Les déficiences remarquées risqueraient, selon les experts du Cadre de concertation national de la société civile (CCNSC), d'accentuer le spectre de la fragilité en diluant tous les efforts déployés dans l'atténuation des effets de la pandémie pour atteindre la résilience.

La pandémie du coronavirus poursuit en RDC sa croisade meurtrière comme l'attestent les derniers chiffres en rapport avec son niveau de propagation sur le territoire national. D'après les dernières statistiques de l'équipe de riposte à la Covid-19, le cumul oscillerait actuellement autour de 2833 cas confirmés avec, à la clé, des centaines de nouveaux cas détectés au quotidien, tant à Kinshasa que dans l'arrière-pays. Cette situation alarmante a poussé le CCNSC à réfléchir en profondeur sur la gestion de la pandémie à la lumière des critiques émises à l'endroit du Comité multisectoriel de riposte à la la covid-19.

Cette structure placée sous la supervision du ministre de la Santé paraît ne pas être à la hauteur des attentes. En appui aux efforts déjà fournis en vue de contenir les effets néfastes de la pandémie, le CCNSC s'est organisé en groupe de travail pour produire un mémorandum contenant ses propositions, lesquelles propositions s'inscrivent dans la dynamique de lutte pour plus d'efficacité dans l'action.

Dans son rapport publié le vendredi 29 mai, cette plate-forme des organisations de la société civile a relevé des failles dans la gestion de la pandémie, tout en se félicitant des décisions courageuses prises par le chef de l'Etat pour limiter tant soi peu les dégâts. Ces failles, note cette structure, « risqueraient d'accentuer le spectre de la fragilité en diluant tous les efforts déployés dans l'atténuation des effets de la pandémie pour atteindre la résilience ». De la faiblesse du dispositif organisationnel liée aux multiples centres décisionnels ayant une implication néfaste dans la coordination de la riposte au manque d'une approche efficace de communication et de sensibilisation de proximité pour le changement de comportements, le CCNSC est d'avis qu'il faille urgemment rectifier le tir.

Et lorsqu'on ajoute la faible capacité de dépistage ainsi que la non-mise en contribution de l'Institut national des statistiques pour faire des enquêtes complémentaires objectives, l'on comprend la nécessité de réorienter les stratégies et les décisions pour assurer l'efficacité de la riposte avec des données désagrégées. Moralité : la crédibilité des données chiffrées publiées régulièrement par le bulletin de l'équipe de riposte à la covid-19 est plus que jamais sujette à caution. D'où quelques pistes de solution proposées par les experts du CCNSC.

Ce regroupement des organisations de la société civile recommande, entre autres, le renforcement des capacités d'autres laboratoires en provinces pour augmenter la capacité de dépistage, d'autant plus que la maladie se répand à une vitesse exponentielle et que l'INRB se déploie dans toutes les provinces. Outre l'éducation des masses et la réduction du train de vie de l'Etat pour suppléer au gap restant, le CCNSC plaide pour une prise en charge globale et durable de la riposte.

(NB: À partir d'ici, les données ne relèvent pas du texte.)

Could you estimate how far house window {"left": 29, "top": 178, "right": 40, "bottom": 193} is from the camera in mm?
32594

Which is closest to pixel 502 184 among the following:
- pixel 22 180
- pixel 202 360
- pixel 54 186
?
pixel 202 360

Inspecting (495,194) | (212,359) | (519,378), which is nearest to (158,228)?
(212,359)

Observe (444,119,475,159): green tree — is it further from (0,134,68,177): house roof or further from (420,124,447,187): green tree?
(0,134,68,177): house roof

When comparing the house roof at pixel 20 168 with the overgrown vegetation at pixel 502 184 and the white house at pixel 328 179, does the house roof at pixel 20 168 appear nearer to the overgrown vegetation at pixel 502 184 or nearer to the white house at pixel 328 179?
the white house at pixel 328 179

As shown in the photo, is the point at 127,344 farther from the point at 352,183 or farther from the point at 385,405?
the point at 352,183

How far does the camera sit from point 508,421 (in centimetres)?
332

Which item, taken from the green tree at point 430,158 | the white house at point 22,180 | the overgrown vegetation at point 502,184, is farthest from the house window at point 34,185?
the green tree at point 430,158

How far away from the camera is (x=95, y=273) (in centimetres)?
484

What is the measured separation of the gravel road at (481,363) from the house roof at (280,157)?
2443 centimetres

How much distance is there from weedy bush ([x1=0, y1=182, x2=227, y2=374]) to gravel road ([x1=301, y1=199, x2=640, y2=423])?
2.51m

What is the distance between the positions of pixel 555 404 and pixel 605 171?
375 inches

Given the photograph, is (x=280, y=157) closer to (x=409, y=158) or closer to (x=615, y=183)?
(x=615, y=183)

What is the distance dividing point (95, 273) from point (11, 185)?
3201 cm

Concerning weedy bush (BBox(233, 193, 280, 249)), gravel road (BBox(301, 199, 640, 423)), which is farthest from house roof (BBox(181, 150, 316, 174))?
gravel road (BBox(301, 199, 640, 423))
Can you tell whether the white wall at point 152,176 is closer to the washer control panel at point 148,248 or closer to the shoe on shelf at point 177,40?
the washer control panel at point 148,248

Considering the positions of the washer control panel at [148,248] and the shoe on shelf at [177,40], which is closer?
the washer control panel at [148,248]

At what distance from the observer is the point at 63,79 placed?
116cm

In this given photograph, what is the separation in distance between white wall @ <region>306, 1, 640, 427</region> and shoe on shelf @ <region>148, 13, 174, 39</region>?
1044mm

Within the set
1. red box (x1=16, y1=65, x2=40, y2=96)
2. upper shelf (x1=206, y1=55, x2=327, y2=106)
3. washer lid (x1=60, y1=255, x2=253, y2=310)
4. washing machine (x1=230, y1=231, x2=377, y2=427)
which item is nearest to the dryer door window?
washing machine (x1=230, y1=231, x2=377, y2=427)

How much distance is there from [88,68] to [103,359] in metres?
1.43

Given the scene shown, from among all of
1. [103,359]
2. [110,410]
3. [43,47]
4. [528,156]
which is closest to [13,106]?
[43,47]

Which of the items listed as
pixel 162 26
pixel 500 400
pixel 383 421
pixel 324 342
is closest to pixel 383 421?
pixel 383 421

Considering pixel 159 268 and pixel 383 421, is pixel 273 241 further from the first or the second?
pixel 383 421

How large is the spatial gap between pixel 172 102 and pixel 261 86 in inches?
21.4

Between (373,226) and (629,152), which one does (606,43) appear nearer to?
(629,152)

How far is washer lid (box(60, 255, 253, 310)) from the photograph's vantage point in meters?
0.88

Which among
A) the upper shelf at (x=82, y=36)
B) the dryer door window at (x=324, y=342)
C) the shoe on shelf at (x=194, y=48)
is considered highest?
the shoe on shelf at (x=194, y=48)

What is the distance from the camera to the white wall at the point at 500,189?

Celle-ci passera notamment par la valorisation du Programme d'urgence multisectoriel d'atténuation des effets de la covid-19 validé par le gouvernement. Ce plan propose une coordination des actions et prend en charge les aspects urgents, globaux et transversaux (multisectoriel), les provinces, la recherche, etc. Dans un contexte de relâchement collectif dans la mise en application des mesures barrières, les recommandations du CCNSC tombent à point nommé pour tenter de freiner la propagation de ce nouveau virus sur l'ensemble du territoire national.